Porażkę swoich byłych kolegów klubowych oglądał Mariusz Prudel, jeden z najlepszych na świecie siatkarzy plażowych. Prudel już niedługo rozpoczyna sezon plażowy, którego celem jest kwalifikacja na Igrzyska Olimpijskie. Miejmy nadzieję, że rybniczanin spełni swoje marzenie i wystąpi w Londynie w 2012 roku.
Rybniccy siatkarze natomiast, jeżeli chcą mieć spokojną wiosnę, to muszą w najbliższą sobotę pokonać AZS Rafako Racibórz. Nie będzie to łatwe, ponieważ raciborzanie udowodnili, że ich forma idzie do góry pokonując w Częstochowie tamtejszy Delic Pol.
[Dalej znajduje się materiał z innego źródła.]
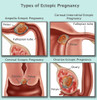 Ectopic Pregnancy Poster Print by Gwen Shockey/Science Source - Item # VARSCIBZ7432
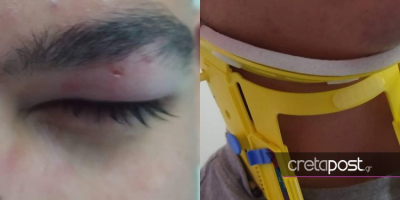 Κρήτη: Οδηγός ξυλοκόπησε μαθητή επειδή του έκανε παρατήρηση για τη διάβαση πεζών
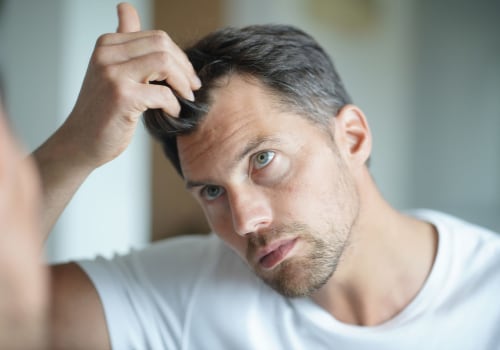 Understanding Hormonal Changes and Male Pattern Baldness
Volley Rybnik – Czarni Rząśnia 1:3 (25:22, 15:25, 19:25, 11:25)
TS Volley Rybnik: Łukasz Lip (kapitan), Łukasz Taterka (libero), Michał Łata, Grzegorz Jaruga, Tomasz Warda, Przemysław Wolny, Jakub Dejewski oraz Michał Dudek, Kamil Łyczko, Bartosz Inglot, Marek Mandrela, Karol Graff. Trener: Wojciech Kasperski.
Delic Pol Częstochowa – AZS Rafako Racibórz 2:3 (19:25, 25:18, 22:25, 25:19, 12:13)
Victoria Wałbrzych – Gwardia Wrocław 3:2 (25:27, 28:26, 25:21, 20:25, 15:13)
Cuprum Lubin – Górnik Siemianowice Śl. 3:0 (25:19, 25:17, 25:18).